REQUIRED ACTION:
Where does the word "Original" show up in the data? Please find each such line and copy it.

BEGIN MATERIALS PROVIDED

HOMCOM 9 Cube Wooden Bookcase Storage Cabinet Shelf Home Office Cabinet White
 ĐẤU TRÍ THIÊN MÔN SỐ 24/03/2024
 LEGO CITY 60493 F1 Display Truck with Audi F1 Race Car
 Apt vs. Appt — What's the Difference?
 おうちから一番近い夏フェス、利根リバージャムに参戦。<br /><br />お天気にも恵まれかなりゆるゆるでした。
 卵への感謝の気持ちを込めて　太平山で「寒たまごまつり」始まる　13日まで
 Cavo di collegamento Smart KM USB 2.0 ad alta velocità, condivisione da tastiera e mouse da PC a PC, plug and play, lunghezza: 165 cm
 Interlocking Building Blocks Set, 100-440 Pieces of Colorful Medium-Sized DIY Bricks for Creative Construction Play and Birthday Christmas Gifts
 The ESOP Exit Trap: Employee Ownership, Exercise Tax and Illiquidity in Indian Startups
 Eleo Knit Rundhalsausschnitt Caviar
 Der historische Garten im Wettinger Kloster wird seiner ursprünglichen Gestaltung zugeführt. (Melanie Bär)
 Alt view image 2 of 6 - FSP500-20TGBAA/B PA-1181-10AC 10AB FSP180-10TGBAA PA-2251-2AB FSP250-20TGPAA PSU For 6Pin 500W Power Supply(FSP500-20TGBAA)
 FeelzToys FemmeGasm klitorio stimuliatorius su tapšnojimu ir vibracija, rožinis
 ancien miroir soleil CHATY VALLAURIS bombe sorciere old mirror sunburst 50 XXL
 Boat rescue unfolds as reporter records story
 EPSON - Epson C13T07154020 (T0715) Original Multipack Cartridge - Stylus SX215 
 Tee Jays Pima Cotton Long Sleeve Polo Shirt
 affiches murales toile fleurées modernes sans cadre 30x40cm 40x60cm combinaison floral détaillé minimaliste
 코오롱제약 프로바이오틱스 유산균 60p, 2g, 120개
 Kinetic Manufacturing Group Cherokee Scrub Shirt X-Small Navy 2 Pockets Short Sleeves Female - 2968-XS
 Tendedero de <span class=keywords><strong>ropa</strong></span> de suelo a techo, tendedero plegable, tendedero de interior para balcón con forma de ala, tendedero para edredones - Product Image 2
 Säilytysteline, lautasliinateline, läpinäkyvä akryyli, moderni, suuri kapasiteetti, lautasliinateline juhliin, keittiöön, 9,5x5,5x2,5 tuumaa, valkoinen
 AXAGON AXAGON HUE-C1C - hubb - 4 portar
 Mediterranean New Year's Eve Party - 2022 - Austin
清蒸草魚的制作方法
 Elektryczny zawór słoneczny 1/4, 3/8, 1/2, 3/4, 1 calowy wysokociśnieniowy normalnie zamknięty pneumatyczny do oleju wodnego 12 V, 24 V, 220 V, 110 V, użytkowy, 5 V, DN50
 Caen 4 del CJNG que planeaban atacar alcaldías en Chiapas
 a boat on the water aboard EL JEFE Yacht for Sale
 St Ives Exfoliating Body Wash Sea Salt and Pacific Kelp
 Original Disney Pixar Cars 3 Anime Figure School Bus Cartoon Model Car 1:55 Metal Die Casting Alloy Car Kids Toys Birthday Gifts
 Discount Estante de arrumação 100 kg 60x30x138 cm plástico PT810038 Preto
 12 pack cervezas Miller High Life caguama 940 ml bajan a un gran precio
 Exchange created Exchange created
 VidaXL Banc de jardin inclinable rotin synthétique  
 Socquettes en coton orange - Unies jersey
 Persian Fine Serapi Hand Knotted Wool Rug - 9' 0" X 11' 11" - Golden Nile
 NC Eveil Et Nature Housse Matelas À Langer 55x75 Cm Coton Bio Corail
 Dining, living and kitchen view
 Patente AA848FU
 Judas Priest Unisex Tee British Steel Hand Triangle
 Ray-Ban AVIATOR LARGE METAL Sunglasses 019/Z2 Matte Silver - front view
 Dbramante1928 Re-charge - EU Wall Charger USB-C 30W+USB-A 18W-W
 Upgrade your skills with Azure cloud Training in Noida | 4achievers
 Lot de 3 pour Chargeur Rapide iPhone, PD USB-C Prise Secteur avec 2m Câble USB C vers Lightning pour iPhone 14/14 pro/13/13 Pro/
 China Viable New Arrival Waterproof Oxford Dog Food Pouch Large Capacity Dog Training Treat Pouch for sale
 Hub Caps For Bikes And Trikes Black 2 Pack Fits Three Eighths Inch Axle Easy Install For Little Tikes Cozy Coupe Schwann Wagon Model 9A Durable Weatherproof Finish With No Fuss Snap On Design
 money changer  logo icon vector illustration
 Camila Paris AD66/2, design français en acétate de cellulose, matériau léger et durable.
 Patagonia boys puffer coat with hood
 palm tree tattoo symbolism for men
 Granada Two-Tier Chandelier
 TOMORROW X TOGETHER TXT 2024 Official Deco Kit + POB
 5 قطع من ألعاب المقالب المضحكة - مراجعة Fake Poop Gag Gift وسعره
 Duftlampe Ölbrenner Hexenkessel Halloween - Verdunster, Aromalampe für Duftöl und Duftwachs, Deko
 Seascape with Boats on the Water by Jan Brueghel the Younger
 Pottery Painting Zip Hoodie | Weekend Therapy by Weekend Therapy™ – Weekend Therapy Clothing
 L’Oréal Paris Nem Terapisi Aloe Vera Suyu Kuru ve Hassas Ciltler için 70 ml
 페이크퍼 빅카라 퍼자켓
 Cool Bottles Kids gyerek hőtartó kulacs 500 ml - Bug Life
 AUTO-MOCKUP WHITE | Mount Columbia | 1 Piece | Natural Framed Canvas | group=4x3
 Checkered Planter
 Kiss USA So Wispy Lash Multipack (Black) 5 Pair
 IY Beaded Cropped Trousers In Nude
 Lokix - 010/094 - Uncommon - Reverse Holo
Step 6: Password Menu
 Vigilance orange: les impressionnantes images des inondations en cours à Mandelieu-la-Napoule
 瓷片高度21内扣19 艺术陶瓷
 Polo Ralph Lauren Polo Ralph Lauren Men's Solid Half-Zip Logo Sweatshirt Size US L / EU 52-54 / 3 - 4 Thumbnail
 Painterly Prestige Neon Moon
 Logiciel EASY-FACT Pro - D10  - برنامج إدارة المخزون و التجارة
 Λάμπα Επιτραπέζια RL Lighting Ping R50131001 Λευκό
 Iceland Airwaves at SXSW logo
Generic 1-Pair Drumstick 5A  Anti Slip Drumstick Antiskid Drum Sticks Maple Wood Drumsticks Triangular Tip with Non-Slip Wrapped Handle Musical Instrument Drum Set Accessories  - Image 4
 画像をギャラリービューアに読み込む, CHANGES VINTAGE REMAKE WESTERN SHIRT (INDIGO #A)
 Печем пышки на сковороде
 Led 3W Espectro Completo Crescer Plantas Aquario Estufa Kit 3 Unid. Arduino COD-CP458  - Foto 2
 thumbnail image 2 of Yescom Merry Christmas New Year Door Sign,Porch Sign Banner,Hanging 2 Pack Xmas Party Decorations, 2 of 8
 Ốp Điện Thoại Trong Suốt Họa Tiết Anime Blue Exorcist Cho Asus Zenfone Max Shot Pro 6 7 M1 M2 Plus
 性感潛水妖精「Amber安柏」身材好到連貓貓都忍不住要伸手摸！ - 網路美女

END MATERIALS PROVIDED

ANSWER FOR THIS EXERCISE:
 EPSON - Epson C13T07154020 (T0715) Original Multipack Cartridge - Stylus SX215 
 Original Disney Pixar Cars 3 Anime Figure School Bus Cartoon Model Car 1:55 Metal Die Casting Alloy Car Kids Toys Birthday Gifts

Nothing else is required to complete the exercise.